Für April hat das Maßband +2cm Wachstum angezeigt, womit ich jetzt bei 63cm liege. Bin super happy über die 2cm und hoffe natürlich, dass es in dem Stil weitergeht. Dann knacke ich dieses Jahr locker noch die 70cm.

Pflegeupdate

Von der Pflegefront gibt es auch positives zu berichten: Ich habe nämlich langsam den Dreh mit LIs und Ölen raus. Über Nacht vor dem Waschtag massiere ich meistens das Garnier Banana Hairfood in die Längen.

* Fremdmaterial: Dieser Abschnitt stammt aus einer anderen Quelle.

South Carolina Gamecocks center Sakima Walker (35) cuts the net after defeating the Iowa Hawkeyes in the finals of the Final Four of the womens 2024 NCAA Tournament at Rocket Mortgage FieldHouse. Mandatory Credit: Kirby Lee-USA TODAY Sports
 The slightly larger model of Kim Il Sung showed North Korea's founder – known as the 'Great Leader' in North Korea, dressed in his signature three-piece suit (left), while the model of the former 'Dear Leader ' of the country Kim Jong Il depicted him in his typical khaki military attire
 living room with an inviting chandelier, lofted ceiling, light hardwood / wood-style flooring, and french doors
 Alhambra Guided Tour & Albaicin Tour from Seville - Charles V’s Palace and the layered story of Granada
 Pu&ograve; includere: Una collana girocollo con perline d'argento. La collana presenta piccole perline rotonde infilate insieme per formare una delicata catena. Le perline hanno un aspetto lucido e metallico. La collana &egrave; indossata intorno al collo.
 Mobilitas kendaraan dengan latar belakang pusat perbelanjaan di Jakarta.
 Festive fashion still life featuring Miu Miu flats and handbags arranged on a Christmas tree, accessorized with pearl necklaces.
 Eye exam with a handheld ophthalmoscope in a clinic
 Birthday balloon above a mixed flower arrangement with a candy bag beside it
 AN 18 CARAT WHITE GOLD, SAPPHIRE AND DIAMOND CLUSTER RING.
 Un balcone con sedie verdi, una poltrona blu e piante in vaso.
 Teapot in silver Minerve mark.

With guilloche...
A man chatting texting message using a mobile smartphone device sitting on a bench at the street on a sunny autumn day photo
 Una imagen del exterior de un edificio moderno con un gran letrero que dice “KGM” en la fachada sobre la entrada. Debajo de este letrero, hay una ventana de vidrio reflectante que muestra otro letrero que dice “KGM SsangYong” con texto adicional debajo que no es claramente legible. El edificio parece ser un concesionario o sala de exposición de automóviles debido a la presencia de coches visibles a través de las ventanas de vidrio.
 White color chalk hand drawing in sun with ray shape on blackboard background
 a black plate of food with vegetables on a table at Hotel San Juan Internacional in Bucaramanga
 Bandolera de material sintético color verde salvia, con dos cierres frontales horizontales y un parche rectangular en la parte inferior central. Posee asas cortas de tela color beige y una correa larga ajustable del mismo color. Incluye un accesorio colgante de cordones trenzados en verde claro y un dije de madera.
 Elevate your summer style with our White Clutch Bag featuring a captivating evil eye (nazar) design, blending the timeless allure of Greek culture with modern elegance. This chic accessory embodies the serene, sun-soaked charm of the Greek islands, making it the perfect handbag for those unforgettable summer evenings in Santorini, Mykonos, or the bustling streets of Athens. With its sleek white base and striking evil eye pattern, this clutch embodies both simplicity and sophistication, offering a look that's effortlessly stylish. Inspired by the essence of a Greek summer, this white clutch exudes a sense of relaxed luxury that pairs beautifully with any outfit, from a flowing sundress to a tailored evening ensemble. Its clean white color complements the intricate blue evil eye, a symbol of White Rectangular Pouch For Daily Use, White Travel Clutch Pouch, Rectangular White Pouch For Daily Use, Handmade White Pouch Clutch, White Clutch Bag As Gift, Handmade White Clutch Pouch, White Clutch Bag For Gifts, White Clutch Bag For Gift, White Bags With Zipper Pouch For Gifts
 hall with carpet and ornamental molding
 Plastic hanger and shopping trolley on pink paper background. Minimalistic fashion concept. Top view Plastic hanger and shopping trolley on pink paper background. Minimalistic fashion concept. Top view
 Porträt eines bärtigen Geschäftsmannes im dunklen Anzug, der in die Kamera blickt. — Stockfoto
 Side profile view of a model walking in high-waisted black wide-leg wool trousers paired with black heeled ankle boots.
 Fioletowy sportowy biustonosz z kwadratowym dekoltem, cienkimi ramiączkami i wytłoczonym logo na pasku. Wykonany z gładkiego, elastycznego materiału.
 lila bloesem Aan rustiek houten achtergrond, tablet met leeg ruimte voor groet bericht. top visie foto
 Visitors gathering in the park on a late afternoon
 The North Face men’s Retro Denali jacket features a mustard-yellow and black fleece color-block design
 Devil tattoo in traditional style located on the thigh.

Nach dem Waschen (egal ob mit Seife oder Shampoo) gebe ich 2,3 Tropfen Amla Öl in die handtuchtrockenen Spitzen. So zieht das Öl besser weg und schließt die Feuchtigkeit dabei mit in die Spitzen ein. Gestern Abend habe ich Hairfood und 2,3 Tropfen Amla Öl gemischt und in die Längen gegeben. Nach der heutigen Seifenwäsche mit Zitronenrinse und Öl in den Spitzen habe ich jetzt total weiche und gesättigte Spitzen.

--> MERKE: Öl in Kombi mit LI oder in den noch feuchten Haaren verwenden für maximalen Effekt und Feuchtigkeit.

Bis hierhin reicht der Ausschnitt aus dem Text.